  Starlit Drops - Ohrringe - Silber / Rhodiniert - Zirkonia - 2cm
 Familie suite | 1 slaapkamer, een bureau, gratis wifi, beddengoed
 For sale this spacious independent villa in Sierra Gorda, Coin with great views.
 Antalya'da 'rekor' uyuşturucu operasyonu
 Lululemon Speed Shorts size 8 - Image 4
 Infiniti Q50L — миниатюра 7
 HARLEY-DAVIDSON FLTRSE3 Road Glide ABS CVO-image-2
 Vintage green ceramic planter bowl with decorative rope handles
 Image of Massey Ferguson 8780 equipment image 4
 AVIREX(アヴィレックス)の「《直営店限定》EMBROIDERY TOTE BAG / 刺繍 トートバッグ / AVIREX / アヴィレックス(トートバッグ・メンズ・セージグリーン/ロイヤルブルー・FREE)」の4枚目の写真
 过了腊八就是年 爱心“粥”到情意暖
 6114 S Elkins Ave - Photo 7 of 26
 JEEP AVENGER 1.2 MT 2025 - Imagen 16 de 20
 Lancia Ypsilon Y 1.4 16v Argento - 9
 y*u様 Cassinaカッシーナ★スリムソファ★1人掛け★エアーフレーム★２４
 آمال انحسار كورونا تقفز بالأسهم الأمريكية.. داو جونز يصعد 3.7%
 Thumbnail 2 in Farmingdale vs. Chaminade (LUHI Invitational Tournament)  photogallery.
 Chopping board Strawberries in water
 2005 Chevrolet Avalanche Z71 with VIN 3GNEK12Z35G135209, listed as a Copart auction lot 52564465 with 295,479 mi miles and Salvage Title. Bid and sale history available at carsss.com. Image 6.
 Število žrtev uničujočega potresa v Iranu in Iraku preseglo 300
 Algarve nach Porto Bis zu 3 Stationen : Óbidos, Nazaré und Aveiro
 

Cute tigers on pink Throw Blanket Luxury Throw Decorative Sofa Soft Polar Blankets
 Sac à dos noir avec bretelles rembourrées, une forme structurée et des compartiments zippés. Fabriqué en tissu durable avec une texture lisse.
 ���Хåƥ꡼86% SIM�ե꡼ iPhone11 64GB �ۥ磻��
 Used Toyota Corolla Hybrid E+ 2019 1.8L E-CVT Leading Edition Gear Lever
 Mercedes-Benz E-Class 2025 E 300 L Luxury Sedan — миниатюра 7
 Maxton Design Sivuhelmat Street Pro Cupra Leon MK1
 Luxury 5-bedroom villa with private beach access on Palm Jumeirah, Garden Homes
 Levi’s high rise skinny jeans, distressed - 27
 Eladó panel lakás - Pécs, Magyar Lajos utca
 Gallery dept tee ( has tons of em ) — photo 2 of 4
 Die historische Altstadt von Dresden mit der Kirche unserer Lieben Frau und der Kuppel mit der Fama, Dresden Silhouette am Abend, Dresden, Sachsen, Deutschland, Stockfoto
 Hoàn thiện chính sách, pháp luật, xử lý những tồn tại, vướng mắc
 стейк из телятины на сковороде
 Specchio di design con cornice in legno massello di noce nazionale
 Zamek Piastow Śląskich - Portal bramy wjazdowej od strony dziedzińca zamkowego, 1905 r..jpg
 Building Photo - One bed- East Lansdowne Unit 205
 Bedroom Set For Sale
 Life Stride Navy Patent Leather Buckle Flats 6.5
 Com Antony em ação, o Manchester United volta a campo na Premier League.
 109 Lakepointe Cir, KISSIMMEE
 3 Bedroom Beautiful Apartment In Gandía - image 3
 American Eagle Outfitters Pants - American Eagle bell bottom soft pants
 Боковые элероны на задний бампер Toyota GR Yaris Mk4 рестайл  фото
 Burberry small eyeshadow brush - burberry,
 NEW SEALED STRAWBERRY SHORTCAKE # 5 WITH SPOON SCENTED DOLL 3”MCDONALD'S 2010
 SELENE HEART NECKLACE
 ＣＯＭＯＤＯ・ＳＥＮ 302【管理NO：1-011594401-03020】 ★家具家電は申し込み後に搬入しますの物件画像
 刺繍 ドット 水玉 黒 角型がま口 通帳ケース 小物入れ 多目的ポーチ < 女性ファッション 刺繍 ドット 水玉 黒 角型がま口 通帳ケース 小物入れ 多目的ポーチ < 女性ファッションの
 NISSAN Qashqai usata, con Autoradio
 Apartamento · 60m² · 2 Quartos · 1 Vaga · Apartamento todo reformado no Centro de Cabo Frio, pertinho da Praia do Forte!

________________

== WHAT IS EXPECTED ==
Produce an exact repeat of the lines from the one containing "ＣＯＭＯＤＯ・ＳＥＮ 302【管理NO：1-011594401-03020】 ★家具家電は申し込み後に搬入しますの物件画像" through the last line of the data, and nothing more.

== ANSWER TO THIS EXERCISE ==
 ＣＯＭＯＤＯ・ＳＥＮ 302【管理NO：1-011594401-03020】 ★家具家電は申し込み後に搬入しますの物件画像
 刺繍 ドット 水玉 黒 角型がま口 通帳ケース 小物入れ 多目的ポーチ < 女性ファッション 刺繍 ドット 水玉 黒 角型がま口 通帳ケース 小物入れ 多目的ポーチ < 女性ファッションの
 NISSAN Qashqai usata, con Autoradio
 Apartamento · 60m² · 2 Quartos · 1 Vaga · Apartamento todo reformado no Centro de Cabo Frio, pertinho da Praia do Forte!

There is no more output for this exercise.